How Broccoli May Save Your Skin

June 2018

By Christine Cheng, R.Ph. and Fred Cheng, R.Ph

Everyone knows how damaging ultraviolet radiation (UVR) from the sun and other sources can be. It’s not just the UV-B radiation that we are familiar with when the sun is hot in the summer and we get sunburns more easily. Damage to our skin cells’ DNA is more attributed to UV-A radiation, which is present throughout the year, regardless of the weather. So, how can broccoli save our skin? Consumption of cruciferous vegetables such as broccoli, cabbage, cauliflower and radish have been inversely associated with various types of cancer.  This can be attributed to the phytochemical sulforaphane, a sulfur-containing isothiocyanate.

What is exciting is that sulforaphane can also have profound effects on the skin when applied topically. In-vitro experiments looking at the effect of applying sulforaphane topically to skin that has been exposed to UVR have shown it to be effective at reducing redness and inflammation that was induced by this UV-B radiation exposure. Researchers found that this benefit was not due to free-radical quenching or UVR absorption as has been seen with other phytonutrients (such as vitamin E or green tea extract). Rather, sulforaphane acts to increase the transcription and thus the synthesis of proteins, mostly enzymes resulting in a lasting effect, i.e., the benefit of the topical product will not be “washed away” once the sulforaphane is absorbed. Sulforaphane has also been shown to affect keratin biosynthesis, which suggests that it affects the integrity of the skin.

Newco, a Canadian company has developed a line of skin care products called BroccoFusion™ that employs the use of sulforaphane. The lotions can be used to relieve sunburn, heal burns and skin irritations, reduce hyperpigmentation (eg. age spots), help with stretch marks and acne as well as protect and repair U.V. radiation damage. The ointment contains a higher concentration of sulforaphane and can reduce and possibly eliminate hyperpigmentation, treat skin tags, lessen scars (from chicken pox, shingles, cold sores, and cysts) and moles, help heal cracked skin resulting from chemotherapy treatment, minimize stretch marks, help treat psoriasis and eczema, lighten dark undereye circles, and may even help with diabetic neuropathy in the feet.

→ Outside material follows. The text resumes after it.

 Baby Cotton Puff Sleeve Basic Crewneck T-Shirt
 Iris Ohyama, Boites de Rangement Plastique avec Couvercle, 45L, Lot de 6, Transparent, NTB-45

For more severe skin conditions or for quicker benefits, this phytonutrient is also available in capsule form for oral use. In addition to its potential benefits in reducing the risk of certain types of cancer, sulforaphane may also help reduce hypertension and atherosclerosis. There is also preliminary research into the benefits of sulforaphane and its effects on maintaining the integrity of the blood-brain barrier following cortical contusion injury as well as its effects on improving symptoms associated with autism. 

Of course, the proper use of sunscreen and covering up are the first line options for protecting our skin from UV radiation. If you are considering using sulphoraphane, always remember to check with your doctor or pharmacist prior to using any supplement to ensure their safe use.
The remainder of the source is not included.